• **LISTED RECORDS**:
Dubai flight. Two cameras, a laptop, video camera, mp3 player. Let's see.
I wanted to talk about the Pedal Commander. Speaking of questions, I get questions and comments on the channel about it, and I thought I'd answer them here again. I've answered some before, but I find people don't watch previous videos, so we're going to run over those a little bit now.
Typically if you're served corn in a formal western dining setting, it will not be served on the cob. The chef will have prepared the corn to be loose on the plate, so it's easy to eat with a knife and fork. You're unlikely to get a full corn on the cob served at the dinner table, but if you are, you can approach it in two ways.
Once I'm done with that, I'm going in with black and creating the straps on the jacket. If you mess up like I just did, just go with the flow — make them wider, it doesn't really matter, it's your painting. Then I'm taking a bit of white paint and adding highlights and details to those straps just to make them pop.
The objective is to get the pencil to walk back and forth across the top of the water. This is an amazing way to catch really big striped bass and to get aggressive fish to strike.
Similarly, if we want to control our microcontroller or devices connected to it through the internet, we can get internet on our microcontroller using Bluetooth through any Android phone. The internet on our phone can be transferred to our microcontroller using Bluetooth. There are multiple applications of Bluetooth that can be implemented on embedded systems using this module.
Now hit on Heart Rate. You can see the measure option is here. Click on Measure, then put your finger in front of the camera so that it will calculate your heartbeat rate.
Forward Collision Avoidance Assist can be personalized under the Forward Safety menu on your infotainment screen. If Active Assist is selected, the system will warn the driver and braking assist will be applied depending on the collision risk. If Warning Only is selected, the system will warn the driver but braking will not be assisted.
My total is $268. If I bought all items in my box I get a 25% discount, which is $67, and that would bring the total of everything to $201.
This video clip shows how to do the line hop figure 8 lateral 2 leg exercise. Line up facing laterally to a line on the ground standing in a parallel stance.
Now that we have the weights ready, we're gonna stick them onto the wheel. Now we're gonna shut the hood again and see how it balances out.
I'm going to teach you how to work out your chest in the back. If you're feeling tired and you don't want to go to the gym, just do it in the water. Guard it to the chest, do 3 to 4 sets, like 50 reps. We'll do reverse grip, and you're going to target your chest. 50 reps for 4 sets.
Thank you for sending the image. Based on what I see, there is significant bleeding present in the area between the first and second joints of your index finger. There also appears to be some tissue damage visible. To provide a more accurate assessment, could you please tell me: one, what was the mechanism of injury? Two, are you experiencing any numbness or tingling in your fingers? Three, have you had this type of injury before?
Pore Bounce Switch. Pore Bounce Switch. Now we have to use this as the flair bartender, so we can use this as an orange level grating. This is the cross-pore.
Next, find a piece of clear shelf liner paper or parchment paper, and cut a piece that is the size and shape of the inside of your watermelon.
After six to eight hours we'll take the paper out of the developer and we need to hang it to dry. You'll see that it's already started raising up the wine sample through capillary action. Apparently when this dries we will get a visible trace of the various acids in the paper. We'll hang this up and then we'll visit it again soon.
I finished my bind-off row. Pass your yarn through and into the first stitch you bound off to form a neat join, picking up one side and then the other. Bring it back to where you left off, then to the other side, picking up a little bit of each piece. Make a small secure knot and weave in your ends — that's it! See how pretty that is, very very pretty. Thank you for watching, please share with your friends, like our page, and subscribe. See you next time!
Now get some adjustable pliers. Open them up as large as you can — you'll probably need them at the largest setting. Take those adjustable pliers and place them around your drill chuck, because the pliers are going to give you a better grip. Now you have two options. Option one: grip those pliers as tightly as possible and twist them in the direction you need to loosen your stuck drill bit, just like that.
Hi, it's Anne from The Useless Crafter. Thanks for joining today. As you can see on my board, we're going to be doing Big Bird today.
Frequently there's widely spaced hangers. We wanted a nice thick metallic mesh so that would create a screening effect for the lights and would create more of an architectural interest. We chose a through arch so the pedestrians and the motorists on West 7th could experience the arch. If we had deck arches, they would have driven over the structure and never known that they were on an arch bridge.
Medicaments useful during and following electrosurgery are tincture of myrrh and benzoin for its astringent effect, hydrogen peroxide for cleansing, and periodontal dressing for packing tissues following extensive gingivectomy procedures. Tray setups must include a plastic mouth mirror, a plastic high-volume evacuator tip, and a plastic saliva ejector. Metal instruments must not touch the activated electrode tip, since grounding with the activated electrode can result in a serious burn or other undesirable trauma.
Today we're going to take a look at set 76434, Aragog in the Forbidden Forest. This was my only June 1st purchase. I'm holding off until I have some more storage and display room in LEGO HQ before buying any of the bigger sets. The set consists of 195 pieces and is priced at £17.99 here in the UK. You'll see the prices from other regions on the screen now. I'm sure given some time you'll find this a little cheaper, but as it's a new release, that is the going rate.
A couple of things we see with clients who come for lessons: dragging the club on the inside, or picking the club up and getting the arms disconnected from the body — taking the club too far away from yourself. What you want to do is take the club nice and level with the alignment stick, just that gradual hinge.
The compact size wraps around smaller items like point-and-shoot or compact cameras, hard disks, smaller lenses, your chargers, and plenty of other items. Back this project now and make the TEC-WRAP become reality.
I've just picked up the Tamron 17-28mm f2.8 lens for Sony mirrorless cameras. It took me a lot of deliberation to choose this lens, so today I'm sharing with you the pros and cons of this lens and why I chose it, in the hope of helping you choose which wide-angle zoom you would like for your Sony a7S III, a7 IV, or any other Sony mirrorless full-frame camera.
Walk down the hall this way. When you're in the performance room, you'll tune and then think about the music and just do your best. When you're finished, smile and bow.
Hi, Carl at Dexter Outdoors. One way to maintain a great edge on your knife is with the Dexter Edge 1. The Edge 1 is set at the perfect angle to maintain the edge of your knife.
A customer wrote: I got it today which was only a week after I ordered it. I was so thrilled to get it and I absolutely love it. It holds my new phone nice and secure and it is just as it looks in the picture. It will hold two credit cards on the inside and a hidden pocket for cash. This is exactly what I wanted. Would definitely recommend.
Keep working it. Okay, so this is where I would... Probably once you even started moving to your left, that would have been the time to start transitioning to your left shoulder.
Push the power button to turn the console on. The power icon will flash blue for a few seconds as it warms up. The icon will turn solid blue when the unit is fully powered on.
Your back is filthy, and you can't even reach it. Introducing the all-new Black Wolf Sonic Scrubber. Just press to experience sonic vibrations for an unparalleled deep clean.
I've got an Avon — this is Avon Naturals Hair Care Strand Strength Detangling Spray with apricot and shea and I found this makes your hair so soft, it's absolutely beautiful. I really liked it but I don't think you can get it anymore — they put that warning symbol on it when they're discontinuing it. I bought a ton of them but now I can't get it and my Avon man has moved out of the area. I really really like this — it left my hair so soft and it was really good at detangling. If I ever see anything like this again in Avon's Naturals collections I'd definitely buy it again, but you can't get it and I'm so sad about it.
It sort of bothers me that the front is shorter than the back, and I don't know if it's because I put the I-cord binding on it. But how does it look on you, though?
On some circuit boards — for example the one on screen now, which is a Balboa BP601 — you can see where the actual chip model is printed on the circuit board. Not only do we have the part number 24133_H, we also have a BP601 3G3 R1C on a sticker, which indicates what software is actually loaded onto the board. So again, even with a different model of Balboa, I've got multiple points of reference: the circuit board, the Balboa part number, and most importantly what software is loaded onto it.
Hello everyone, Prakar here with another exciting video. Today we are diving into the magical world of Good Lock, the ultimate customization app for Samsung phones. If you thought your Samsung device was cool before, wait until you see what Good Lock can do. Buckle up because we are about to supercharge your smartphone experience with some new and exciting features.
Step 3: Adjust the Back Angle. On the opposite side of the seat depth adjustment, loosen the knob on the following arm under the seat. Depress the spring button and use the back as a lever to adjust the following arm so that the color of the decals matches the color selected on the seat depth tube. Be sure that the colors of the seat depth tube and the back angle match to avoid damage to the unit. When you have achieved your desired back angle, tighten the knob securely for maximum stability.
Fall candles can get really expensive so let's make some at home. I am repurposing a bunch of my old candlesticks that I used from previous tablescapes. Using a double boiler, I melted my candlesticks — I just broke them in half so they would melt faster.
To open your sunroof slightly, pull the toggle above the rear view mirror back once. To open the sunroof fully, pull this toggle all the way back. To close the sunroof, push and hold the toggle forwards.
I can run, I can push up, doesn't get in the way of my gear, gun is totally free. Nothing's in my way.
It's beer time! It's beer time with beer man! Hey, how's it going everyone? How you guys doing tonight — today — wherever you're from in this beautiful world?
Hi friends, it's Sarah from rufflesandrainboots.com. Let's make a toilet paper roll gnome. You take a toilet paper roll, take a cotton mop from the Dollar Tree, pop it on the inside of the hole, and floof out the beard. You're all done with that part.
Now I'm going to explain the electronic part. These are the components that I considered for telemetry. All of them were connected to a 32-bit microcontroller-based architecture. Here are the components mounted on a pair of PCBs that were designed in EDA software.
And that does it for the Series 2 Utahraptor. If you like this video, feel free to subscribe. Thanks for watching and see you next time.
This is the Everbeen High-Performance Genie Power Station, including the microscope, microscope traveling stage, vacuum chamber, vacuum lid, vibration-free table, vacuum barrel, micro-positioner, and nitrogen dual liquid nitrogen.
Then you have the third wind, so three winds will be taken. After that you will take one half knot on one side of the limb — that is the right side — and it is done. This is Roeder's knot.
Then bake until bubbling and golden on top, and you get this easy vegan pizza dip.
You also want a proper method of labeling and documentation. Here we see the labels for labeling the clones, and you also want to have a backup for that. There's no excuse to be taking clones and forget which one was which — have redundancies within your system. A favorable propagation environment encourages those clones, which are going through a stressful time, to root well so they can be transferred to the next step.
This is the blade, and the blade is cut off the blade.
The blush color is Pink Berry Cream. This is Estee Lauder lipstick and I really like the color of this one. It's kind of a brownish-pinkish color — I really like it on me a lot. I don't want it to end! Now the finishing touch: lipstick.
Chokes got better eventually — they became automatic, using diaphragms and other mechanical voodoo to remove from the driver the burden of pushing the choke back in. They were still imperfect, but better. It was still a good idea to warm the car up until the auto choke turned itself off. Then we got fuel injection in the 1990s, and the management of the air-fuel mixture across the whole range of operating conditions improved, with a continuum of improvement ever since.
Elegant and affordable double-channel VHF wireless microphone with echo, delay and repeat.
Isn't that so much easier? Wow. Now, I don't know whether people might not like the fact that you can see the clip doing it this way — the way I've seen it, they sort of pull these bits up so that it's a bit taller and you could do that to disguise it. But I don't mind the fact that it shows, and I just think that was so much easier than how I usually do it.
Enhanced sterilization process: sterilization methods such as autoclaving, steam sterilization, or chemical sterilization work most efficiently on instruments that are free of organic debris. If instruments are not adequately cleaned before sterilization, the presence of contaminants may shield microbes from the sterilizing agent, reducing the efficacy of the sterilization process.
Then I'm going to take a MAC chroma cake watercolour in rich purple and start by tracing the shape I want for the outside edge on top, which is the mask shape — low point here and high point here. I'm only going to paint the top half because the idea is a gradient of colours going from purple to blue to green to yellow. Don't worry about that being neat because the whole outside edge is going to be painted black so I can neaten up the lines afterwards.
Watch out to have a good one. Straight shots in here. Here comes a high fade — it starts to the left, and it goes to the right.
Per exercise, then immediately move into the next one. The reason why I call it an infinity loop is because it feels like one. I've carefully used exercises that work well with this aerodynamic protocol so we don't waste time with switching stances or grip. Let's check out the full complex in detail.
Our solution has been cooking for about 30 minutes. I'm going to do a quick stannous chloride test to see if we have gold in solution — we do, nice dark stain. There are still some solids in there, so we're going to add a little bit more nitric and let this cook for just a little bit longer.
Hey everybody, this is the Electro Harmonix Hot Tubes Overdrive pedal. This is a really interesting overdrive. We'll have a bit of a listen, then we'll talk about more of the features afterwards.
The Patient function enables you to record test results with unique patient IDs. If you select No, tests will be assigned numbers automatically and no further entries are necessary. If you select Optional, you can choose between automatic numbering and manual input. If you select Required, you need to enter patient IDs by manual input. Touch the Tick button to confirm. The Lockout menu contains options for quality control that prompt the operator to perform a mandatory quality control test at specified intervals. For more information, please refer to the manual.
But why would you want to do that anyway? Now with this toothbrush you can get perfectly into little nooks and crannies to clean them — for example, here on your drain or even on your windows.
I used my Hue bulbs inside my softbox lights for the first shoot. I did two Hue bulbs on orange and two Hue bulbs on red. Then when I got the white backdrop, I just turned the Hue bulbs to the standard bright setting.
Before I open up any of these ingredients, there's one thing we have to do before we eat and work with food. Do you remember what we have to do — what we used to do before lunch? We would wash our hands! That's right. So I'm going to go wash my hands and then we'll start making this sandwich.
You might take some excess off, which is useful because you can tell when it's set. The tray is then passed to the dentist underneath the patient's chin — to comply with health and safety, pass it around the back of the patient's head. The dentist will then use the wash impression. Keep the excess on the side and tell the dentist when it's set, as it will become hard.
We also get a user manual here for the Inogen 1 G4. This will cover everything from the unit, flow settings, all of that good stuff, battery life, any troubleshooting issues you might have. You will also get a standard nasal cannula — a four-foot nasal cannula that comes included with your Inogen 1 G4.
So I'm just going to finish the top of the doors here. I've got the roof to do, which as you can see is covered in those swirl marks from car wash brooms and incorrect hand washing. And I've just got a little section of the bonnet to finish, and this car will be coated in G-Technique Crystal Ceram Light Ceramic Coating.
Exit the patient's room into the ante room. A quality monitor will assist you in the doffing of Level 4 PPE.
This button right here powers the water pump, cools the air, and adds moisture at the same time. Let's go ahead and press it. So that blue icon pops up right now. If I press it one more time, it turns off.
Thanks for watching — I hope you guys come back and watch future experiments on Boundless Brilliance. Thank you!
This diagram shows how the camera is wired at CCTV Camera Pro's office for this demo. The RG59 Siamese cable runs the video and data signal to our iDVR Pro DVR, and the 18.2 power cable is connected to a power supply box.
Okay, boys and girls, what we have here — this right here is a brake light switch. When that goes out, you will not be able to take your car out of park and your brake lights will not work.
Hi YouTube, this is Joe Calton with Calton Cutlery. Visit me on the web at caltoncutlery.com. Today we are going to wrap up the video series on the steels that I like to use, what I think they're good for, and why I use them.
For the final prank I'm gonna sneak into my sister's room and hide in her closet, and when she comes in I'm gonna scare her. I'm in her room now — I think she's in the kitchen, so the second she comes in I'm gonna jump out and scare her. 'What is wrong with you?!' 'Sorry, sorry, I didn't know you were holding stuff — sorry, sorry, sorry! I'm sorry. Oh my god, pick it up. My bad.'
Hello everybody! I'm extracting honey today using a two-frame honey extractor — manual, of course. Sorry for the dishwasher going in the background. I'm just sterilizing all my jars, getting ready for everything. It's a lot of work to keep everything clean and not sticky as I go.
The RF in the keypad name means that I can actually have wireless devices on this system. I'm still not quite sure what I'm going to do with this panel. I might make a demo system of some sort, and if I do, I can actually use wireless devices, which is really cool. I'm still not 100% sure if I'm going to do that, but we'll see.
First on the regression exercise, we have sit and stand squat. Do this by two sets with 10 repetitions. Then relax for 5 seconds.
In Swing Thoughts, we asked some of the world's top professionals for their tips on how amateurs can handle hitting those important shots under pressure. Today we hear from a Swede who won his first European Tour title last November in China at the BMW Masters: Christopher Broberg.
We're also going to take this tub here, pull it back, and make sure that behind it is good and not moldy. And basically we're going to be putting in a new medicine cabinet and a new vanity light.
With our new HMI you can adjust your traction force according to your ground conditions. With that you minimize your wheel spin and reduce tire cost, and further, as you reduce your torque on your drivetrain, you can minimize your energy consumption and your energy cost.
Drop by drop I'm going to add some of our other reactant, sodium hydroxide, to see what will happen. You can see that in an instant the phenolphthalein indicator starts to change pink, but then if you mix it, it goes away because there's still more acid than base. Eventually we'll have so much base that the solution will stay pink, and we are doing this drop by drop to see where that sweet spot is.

• **THE TASK**:
In the listing above, locate the line containing "This diagram shows" and the line containing "Hello everybody! I'm". Extract those two lines and every line between them, exactly as written, and only those.

• **EXERCISE RESPONSE**:
This diagram shows how the camera is wired at CCTV Camera Pro's office for this demo. The RG59 Siamese cable runs the video and data signal to our iDVR Pro DVR, and the 18.2 power cable is connected to a power supply box.
Okay, boys and girls, what we have here — this right here is a brake light switch. When that goes out, you will not be able to take your car out of park and your brake lights will not work.
Hi YouTube, this is Joe Calton with Calton Cutlery. Visit me on the web at caltoncutlery.com. Today we are going to wrap up the video series on the steels that I like to use, what I think they're good for, and why I use them.
For the final prank I'm gonna sneak into my sister's room and hide in her closet, and when she comes in I'm gonna scare her. I'm in her room now — I think she's in the kitchen, so the second she comes in I'm gonna jump out and scare her. 'What is wrong with you?!' 'Sorry, sorry, I didn't know you were holding stuff — sorry, sorry, sorry! I'm sorry. Oh my god, pick it up. My bad.'
Hello everybody! I'm extracting honey today using a two-frame honey extractor — manual, of course. Sorry for the dishwasher going in the background. I'm just sterilizing all my jars, getting ready for everything. It's a lot of work to keep everything clean and not sticky as I go.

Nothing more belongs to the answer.